§ REQUIREMENT
Return exactly the lines of the data below, from the one that contains "Spago Istanbul by Wolfgang Puck — photo 8" through the final line, and leave out every picture.

(Items listed in a dataset)
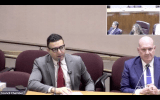 WATCH: Ahmed Rehab Testifies on ICE, Zionism and Antisemitism at Chicago City Hall
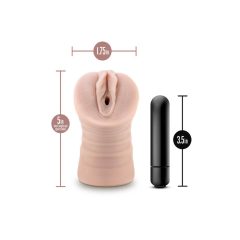   Enlust Ayumi - vibrating fake punch with AI pictures (natural)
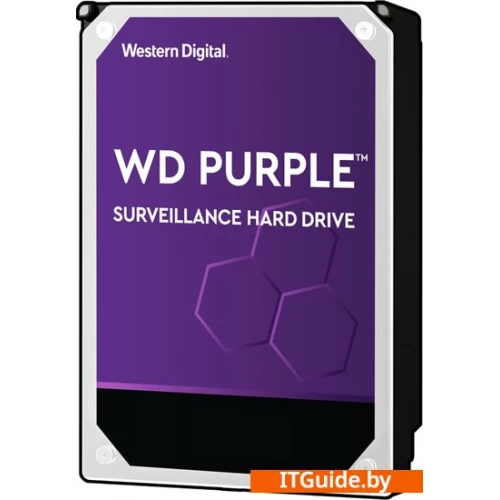 WD Purple 4TB WD42PURU ver1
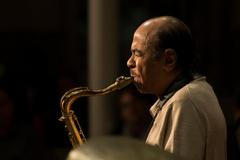 Benny Golson, 2017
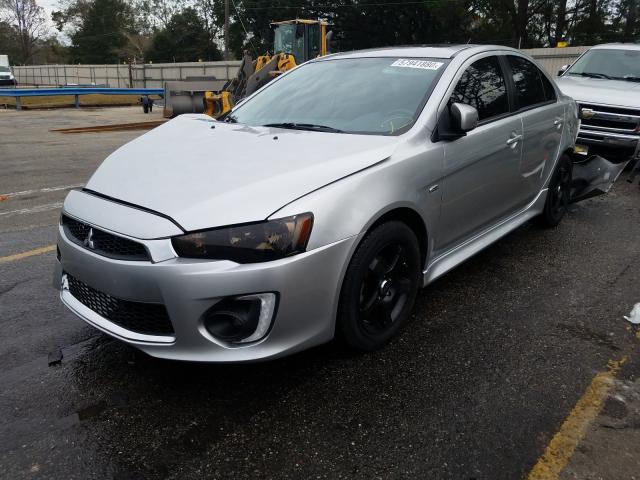 2016 MITSUBISHI LANCER ES JA32U2FU9GU008389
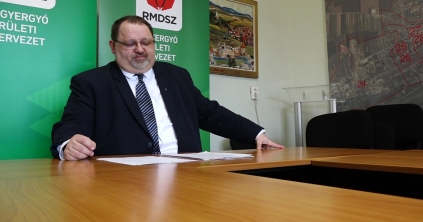 Eigel Tibor indul az RMDSZ polgármesterjelölti előválasztásán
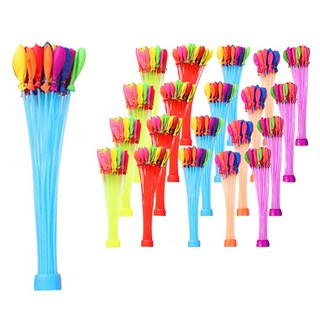 Maket Gamseong 戶外活動 多束水球製造器, 21個, 隨機出貨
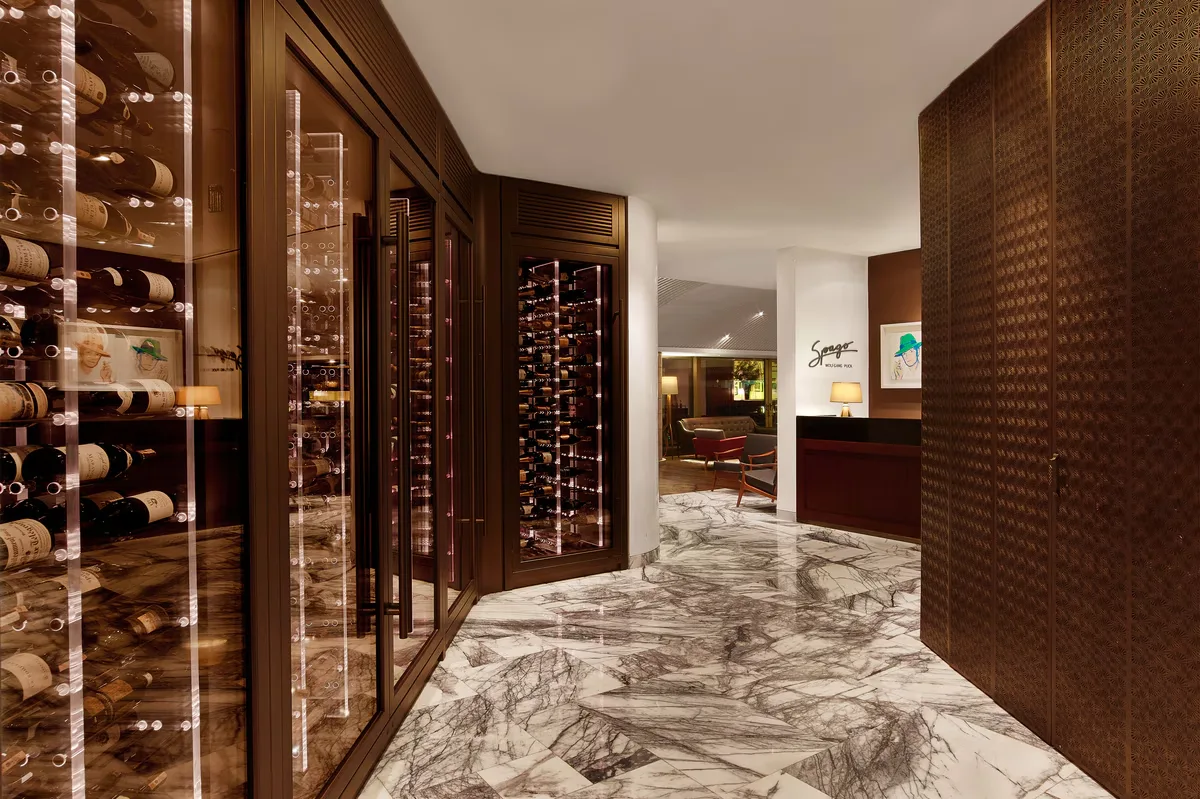Spago Istanbul by Wolfgang Puck — photo 8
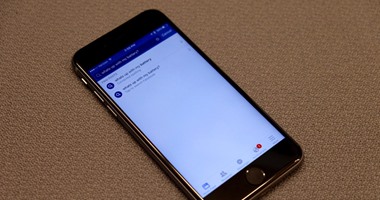 لو فيس بوك يستنزف بطارية الآى فون.. حمل التحديث الجديد وارتاح من المشكلة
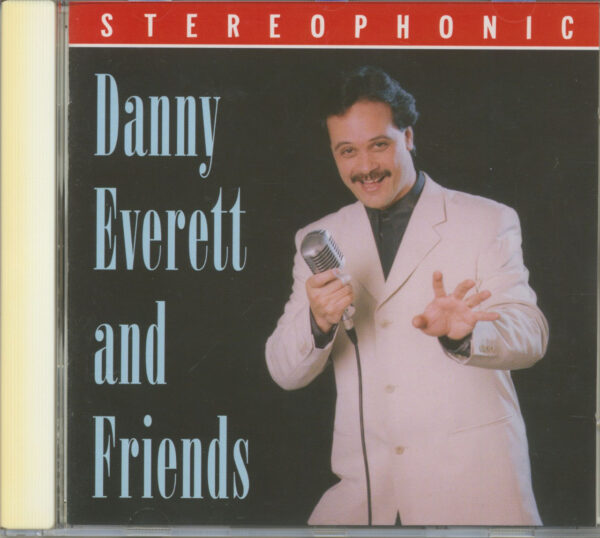 Danny Everett - Danny Everett And Friends (CD)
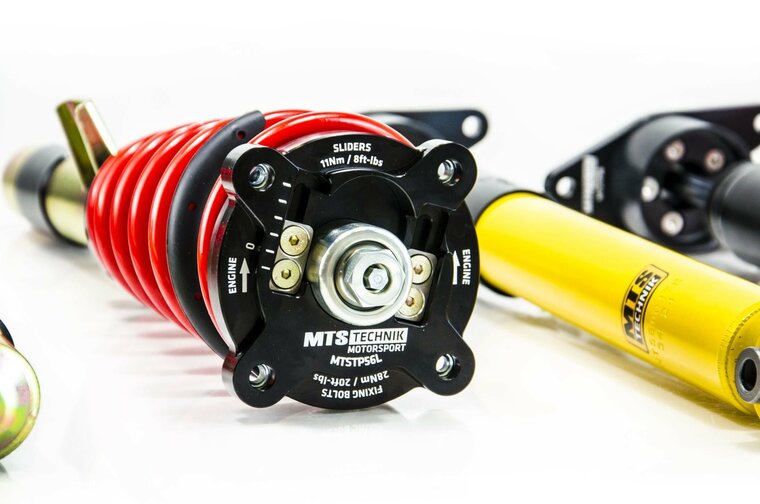 MTS Technik Schroefset Street Gold BMW 3 (G20/G80/G28)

§ SOLVED EXERCISE
Spago Istanbul by Wolfgang Puck — photo 8
 لو فيس بوك يستنزف بطارية الآى فون.. حمل التحديث الجديد وارتاح من المشكلة
 Danny Everett - Danny Everett And Friends (CD)
 MTS Technik Schroefset Street Gold BMW 3 (G20/G80/G28)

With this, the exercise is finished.